### WHAT THIS TASK INVOLVES
Your answer should be only the lines below from the one with "Used Jaguar XF" to the one with "Димитър Главчев пристигна", repeated exactly, ends included.

(Dataset entries)
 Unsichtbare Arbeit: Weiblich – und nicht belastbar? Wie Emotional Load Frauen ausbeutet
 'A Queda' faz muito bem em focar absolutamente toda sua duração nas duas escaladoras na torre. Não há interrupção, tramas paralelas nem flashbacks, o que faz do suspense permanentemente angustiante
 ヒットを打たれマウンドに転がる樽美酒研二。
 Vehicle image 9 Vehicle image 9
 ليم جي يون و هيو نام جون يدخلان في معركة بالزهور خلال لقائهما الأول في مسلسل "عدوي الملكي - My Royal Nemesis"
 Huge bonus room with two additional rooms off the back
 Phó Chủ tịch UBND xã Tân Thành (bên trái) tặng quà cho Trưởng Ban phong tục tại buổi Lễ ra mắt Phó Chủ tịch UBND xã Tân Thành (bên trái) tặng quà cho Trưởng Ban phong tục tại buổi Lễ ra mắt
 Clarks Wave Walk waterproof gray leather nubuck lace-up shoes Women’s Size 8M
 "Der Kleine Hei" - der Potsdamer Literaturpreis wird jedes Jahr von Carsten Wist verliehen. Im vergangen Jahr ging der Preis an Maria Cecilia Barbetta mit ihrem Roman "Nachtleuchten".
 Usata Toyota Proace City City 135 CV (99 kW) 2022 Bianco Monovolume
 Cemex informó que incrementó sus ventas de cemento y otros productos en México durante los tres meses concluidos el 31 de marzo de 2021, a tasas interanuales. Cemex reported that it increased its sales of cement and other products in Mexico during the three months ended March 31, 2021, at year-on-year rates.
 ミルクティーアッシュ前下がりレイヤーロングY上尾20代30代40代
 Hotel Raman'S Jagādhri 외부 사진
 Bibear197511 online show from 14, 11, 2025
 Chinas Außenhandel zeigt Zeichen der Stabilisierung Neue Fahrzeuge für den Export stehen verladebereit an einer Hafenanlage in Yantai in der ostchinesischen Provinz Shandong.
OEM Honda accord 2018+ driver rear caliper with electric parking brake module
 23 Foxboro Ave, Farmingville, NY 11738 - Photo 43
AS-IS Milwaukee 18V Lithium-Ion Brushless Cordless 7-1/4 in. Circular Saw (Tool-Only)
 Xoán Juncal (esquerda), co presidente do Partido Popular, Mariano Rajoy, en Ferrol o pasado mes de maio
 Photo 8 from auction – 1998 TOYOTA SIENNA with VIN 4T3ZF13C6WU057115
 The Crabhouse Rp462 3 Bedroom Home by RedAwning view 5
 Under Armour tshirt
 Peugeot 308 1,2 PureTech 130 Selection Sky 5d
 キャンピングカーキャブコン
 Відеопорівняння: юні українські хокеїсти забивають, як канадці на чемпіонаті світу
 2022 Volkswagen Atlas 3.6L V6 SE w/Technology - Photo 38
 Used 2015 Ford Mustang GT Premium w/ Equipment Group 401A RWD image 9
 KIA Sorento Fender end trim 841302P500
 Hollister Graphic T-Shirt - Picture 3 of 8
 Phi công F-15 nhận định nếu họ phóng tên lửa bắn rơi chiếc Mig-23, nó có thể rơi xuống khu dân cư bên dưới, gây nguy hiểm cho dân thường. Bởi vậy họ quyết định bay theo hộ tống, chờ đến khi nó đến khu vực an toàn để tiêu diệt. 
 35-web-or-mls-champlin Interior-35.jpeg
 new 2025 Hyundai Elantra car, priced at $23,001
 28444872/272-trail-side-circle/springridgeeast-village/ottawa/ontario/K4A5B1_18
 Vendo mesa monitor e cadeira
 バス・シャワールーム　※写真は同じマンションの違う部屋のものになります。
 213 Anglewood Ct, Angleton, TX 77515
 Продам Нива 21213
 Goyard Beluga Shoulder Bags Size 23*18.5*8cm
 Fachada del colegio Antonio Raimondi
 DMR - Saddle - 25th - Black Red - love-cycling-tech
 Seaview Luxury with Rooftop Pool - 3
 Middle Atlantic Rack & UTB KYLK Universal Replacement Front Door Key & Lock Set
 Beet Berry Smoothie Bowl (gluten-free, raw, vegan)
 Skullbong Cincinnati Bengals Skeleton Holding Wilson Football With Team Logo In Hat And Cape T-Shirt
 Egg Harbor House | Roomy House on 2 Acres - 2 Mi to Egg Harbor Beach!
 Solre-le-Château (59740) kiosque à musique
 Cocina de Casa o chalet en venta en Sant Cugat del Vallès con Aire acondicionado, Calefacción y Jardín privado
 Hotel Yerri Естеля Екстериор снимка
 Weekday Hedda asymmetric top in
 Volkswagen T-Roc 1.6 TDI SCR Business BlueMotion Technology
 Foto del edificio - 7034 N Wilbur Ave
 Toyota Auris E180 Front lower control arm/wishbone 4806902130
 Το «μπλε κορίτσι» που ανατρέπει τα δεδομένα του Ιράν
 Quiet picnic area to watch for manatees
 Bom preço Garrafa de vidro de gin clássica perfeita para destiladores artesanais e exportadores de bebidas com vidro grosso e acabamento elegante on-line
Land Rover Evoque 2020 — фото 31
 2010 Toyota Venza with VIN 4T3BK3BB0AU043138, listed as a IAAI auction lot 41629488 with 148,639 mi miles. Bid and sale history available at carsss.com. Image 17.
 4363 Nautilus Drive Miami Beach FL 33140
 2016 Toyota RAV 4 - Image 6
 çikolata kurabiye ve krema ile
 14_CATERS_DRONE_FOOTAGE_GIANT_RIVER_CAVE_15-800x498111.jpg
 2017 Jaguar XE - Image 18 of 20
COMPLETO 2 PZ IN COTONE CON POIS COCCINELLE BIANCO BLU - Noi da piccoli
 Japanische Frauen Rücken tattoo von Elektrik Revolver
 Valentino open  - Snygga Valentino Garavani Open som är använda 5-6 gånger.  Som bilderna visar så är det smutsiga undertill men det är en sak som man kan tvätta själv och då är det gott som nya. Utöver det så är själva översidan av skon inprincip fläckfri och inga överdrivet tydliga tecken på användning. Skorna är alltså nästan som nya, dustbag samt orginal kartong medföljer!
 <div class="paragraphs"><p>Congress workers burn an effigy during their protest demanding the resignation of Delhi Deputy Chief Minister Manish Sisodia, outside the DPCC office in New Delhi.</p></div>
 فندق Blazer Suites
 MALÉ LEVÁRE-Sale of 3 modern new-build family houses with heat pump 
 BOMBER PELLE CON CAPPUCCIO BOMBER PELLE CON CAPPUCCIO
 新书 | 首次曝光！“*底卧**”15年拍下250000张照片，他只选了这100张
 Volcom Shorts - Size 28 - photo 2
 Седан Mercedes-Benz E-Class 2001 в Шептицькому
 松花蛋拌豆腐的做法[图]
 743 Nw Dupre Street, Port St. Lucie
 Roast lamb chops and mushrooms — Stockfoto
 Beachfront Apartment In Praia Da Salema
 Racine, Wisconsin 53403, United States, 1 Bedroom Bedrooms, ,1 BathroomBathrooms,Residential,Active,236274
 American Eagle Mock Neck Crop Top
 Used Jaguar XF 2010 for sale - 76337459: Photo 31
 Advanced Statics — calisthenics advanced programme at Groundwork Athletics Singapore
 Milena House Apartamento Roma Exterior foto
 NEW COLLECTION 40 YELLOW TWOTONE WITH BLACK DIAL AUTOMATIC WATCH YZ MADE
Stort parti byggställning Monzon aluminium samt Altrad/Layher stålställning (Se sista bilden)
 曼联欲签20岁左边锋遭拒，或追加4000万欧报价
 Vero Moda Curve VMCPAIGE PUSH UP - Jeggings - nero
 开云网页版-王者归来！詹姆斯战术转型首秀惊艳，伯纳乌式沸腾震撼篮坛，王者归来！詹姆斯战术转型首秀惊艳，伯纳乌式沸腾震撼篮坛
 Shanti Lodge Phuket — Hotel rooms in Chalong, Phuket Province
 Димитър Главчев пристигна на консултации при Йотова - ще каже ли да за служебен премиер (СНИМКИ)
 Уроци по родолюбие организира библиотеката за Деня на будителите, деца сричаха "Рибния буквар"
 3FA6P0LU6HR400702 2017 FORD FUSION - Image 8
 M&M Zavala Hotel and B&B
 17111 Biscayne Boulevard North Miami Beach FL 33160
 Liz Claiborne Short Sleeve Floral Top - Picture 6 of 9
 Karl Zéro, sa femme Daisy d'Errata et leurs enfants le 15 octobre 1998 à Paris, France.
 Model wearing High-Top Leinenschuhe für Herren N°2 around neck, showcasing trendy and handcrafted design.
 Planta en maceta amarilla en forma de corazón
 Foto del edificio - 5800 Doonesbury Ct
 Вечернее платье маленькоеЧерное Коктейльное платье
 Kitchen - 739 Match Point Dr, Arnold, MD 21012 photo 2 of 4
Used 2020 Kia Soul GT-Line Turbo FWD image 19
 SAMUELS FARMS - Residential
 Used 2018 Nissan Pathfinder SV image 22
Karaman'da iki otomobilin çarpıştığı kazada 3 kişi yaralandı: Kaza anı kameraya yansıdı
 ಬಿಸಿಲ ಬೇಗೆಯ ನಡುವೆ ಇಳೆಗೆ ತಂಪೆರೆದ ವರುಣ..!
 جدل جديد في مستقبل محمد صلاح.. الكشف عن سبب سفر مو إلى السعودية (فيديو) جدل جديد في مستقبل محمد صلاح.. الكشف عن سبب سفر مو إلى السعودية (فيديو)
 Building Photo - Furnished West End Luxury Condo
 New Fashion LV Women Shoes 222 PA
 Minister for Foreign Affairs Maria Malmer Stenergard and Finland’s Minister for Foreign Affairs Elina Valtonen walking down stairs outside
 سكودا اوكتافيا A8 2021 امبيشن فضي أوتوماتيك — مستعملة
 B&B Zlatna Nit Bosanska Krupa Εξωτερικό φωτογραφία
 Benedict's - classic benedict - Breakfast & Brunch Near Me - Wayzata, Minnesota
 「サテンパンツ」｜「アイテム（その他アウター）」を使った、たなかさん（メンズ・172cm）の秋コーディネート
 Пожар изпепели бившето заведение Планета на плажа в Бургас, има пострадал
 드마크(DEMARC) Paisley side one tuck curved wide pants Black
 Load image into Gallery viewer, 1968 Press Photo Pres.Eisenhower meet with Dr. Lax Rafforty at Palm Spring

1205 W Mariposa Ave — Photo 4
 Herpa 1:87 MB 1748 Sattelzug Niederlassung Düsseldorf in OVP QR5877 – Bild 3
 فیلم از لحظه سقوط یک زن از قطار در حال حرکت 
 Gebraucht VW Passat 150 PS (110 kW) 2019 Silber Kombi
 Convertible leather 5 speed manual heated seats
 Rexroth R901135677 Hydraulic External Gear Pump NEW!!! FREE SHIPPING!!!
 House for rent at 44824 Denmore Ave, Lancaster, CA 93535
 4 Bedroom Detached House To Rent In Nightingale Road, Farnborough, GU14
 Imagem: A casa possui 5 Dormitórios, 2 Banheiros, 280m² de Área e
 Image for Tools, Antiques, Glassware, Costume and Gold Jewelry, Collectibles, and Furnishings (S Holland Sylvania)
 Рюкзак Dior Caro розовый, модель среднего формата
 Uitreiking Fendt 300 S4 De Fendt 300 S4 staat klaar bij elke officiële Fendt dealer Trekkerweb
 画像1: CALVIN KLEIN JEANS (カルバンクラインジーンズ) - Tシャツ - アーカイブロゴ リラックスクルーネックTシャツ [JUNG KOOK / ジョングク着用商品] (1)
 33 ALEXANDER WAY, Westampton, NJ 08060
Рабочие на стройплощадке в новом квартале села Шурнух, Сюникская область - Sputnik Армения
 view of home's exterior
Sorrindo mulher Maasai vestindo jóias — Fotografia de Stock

### TASK ANSWER
 Used Jaguar XF 2010 for sale - 76337459: Photo 31
 Advanced Statics — calisthenics advanced programme at Groundwork Athletics Singapore
 Milena House Apartamento Roma Exterior foto
 NEW COLLECTION 40 YELLOW TWOTONE WITH BLACK DIAL AUTOMATIC WATCH YZ MADE
Stort parti byggställning Monzon aluminium samt Altrad/Layher stålställning (Se sista bilden)
 曼联欲签20岁左边锋遭拒，或追加4000万欧报价
 Vero Moda Curve VMCPAIGE PUSH UP - Jeggings - nero
 开云网页版-王者归来！詹姆斯战术转型首秀惊艳，伯纳乌式沸腾震撼篮坛，王者归来！詹姆斯战术转型首秀惊艳，伯纳乌式沸腾震撼篮坛
 Shanti Lodge Phuket — Hotel rooms in Chalong, Phuket Province
 Димитър Главчев пристигна на консултации при Йотова - ще каже ли да за служебен премиер (СНИМКИ)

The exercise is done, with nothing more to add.